British farmers protest at ABP plant amid claims over Polish imports
British farming organisation Farmers For Action (FFA) staged a protest last night at ABP’s Shrewsbury plant in England near the Welsh border, amid claims the plant is importing Polish beef.
FFA has been threatening to launch protests in response to the situation in the beef market for some time, with ABP the first to be targeted.
Farmers For Action (FFA) chairman David Handley told the Farmers Guardians that the group had monitored ABP’s Shrewsbury plant on a number of occasions over the past few months and had seen Polish lorries entering the site.
Beef processor ABP said it is not currently importing any Polish beef. However, the meat processor has admitted to ‘historically’ importing ‘small volumes’ of beef from Poland, amounting to less than two tonnes a week. It is understood this includes importing Polish beef earlier this year.
ABP has insisted the lorries were nothing to do with it but were taking product from a neighbouring by-product plant.
After the protest, the FFA held meetings with senior management of ABP. ABP agriculture director Stuart Roberts described it as a ‘constructive meeting’ covering a number of issues. “We hope this will be the start of an ongoing dialogue,” he said.

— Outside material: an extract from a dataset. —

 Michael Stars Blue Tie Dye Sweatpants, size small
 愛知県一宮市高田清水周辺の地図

One issue that was cleared up was the confusion over the relationship between ABP and the meat by-product company located next door to it.
ABP said the lorries were actually taking product for export from the neighbouring, Stafford Bye Products, which it insisted was not connected to in any way beyond selling it meat by-products. Following a review of documentation in relation to the lorries contents, the FFA accepted this.

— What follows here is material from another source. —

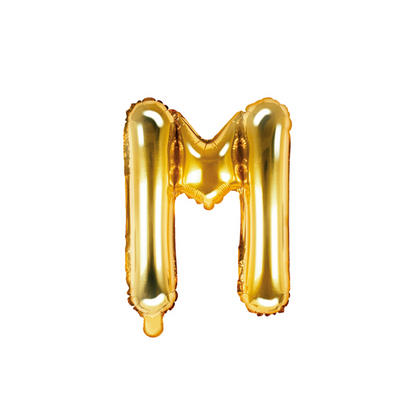 1 Ballon XS - Buchstabe M - Gold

There has been increasing unrest among British farmers in recent weeks at fall in beef prices have brought the importation of beef into the country under the microscope.
In recent weeks, Farmers Union Wales president Emyr Jones wrote to UK supermarkets reiterating the need to support Welsh and British beef through loyalty and sustainable prices.
He said: “There is real anger about the proportion of imported meat which is coming on to the UK market, undermining prices and reducing throughputs in our abattoirs”.